Kata si ibu: “Wahai anakku, segeralah kita tambah air dalam susu ini supaya terlihat banyak sebelum terbit matahari”.
Si anak menjawab: “Kita tidak boleh berbuat seperti itu ibu, Amirul Mukminin melarang kita berbuat begini”.
Si ibu masih mendesak “Tidak mengapa, Amirul Mukminin tidak akan tahu”.
Anaknya membalas “Jika Amirul Mukminin tidak tahu, tapi Tuhan Amirul Mukminin tahu”.
Khalifah Umar bin Khattab yang mendengar pembicaraan itu kemudian menangis. Betapa mulianya hati anak gadis miskin itu.
Ketika pulang ke rumah, Khalifah Umar bin Khattab menyuruh anak lelakinya yang bernama Asim untuk menikahi gadis miskin itu.
Khalifah Umar bin Khattab berkata, "Semoga lahir dari keturunan gadis miskin ini bakal pemimpin Islam yang hebat, kelak yang akan memimpin orang-orang Arab dan Ajam”.
Asim yang taat tanpa banyak tanya segera menikahi gadis miskin tersebut. Pernikahan ini melahirkan anak perempuan bernama Laila yang lebih dikenal dengan sebutan Ummu Asim. Ketika dewasa, Ummu Asim menikah dengan Khalifah Abdul-Aziz bin Marwan yang melahirkan Khalifah Umar bin Abdul-Aziz.
Kisah Mimpi Khalifah Umar bin Khattab
Khalifah Abdul Aziz bin Marwan merupakan seorang gubernur Mesir di era Khalifah Abdul Malik bin Marwan, kakaknya. Khalifah Abdul Aziz mempunyai seorang putra yang diberi nama Umar bin Abdul Aziz.
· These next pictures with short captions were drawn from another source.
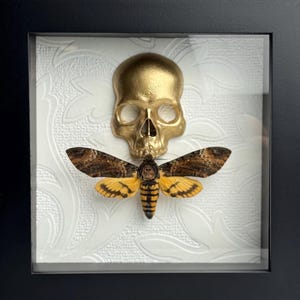 Framed Death&#39;s Head Moth on Skull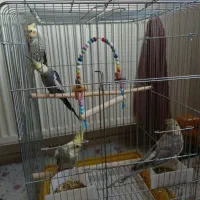 عروس هلندی جفت و جوجه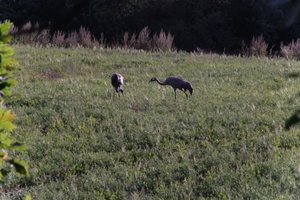 DSCF5307.JPG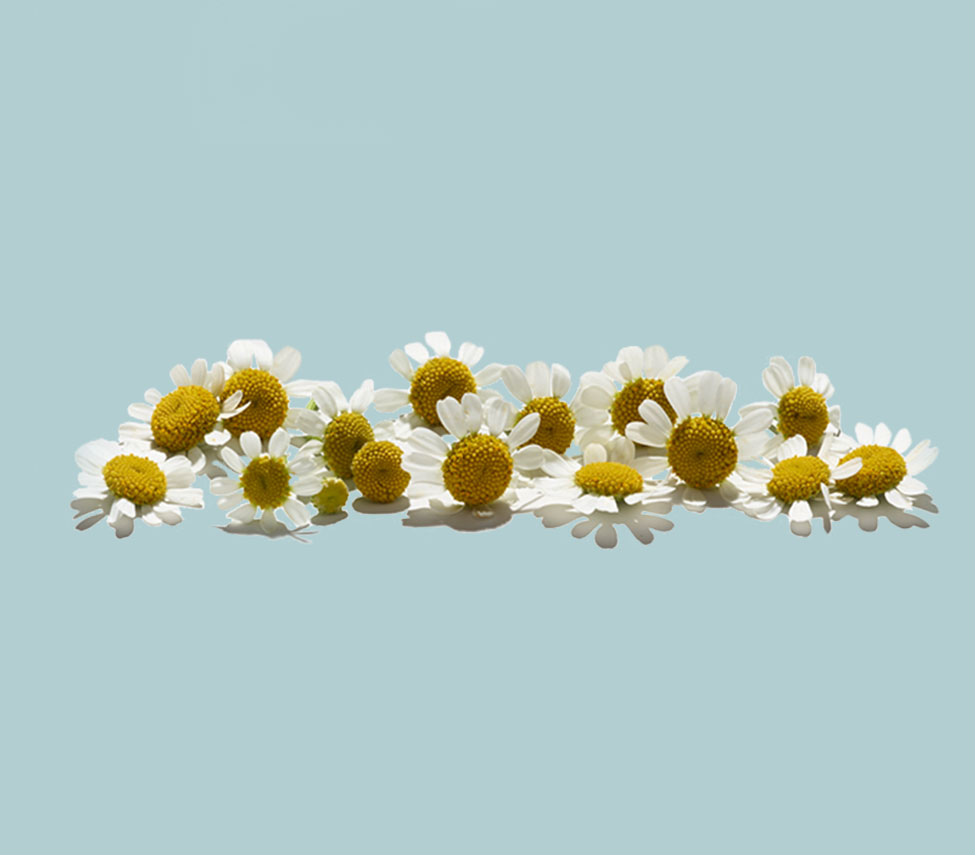 line of flowers against a light blue background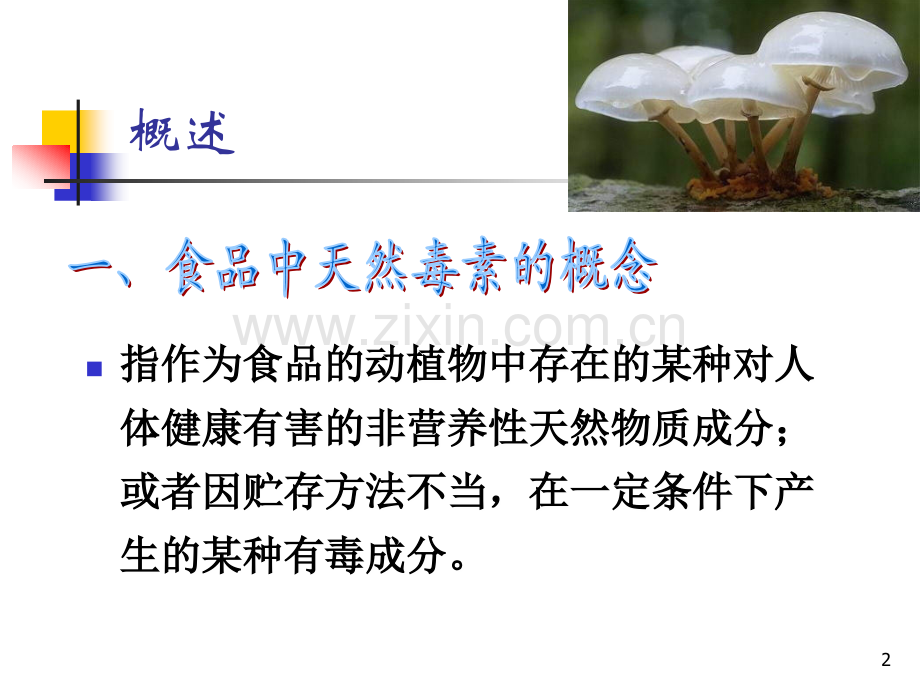 动植物中的天然有毒物质.ppt_第2页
Sebagai seorang anak gubernur, Umar bin Abdul Aziz kecil diberi fasilitas untuk belajar menunggang kuda. Namun malang, seekor kuda jantan menendangnya sehingga keningnya robek, hingga tulang keningnya terlihat. Semua orang panik dan menangis, kecuali Khalifah Abdul Aziz bin Marwan seketika tersentak dan tersenyum. Seraya mengobati luka Umar bin Abdul Aziz kecil, dia berujar, “Bergembiralah engkau wahai Ummu Asim. Mimpi Khalifah Umar bin Khattab Insya Allah terwujud, dialah anak dari keturunan Umayah yang akan memperbaiki bangsa ini.“
Seperti apakah mimpi Khalifah Umar bin Khattab? Dalam mimpinya, beliau melihat seorang pemuda dari keturunannya, bernama Umar, dengan kening yang cacat karena luka. Pemuda ini memimpin umat Islam seperti dia memimpin umat Islam. Mimpi ini diceritakan hanya kepada keluarganya saja. Saat Khalifah Umar bin Khattab wafat, cerita ini tetap terpendam di antara keluarganya.
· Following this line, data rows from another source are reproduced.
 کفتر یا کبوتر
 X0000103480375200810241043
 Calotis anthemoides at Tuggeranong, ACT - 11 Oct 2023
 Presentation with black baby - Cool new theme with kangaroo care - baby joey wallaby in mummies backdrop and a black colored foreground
Salah satu hikmah dari kisah ini adalah, dari orang yang shalih akan terlahir keturunan yang shalih pula. Oleh karenanya, mari shalihkan diri jika menghendaki keturunan yang shalih.
Lalu, apa hikmah yang bisa kita petik dari kisah tersebut?
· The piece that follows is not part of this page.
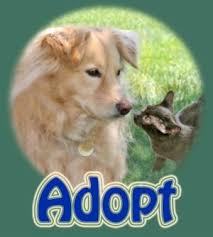 ¡juega gratis a puppy rescue, el juego online gratis en y8.com! Adoptions Jackson County Mi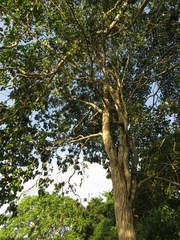 Platymiscium pinnatum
Pertama, bahwa pembentukan kepribadian anak dimulai dari jauh sebelum anak dilahirkan, bahkan sebelum sang anak di dalam kandungan ibunya. Pembentukan kepribadian anak dimulai dari perbaikan pribadi calon ayah dan calon ibu. Allah SWT dan Rasul-Nya memerintahkan kepada setiap laki-laki yang hendak menikah agar memilih wanita shalihah sebagai calon ibu dari anak-anaknya.
Kedua, bahwa keshalihan dari orang tua, Insya Allah akan menurun. Jika tidak ke anaknya, bisa ke cucunya, ke cicitnya, atau ke keturunan yang barangkali kita tidak menjumpainya karena keterbatasan usia. Jika kita merasa "terlanjur", dulu nikahnya kok gak pilih-pilih dulu, maka hendaknya kita tidak berputus asa. Masih ada kesempatan, mari bersama-sama memperbaiki diri, dan Insya Allah usaha kita untuk memperbaiki diri tidak sia-sia. Dan jangan lelah untuk berdoa kepada Allah memohon keturunan yang shalih dan shalihah.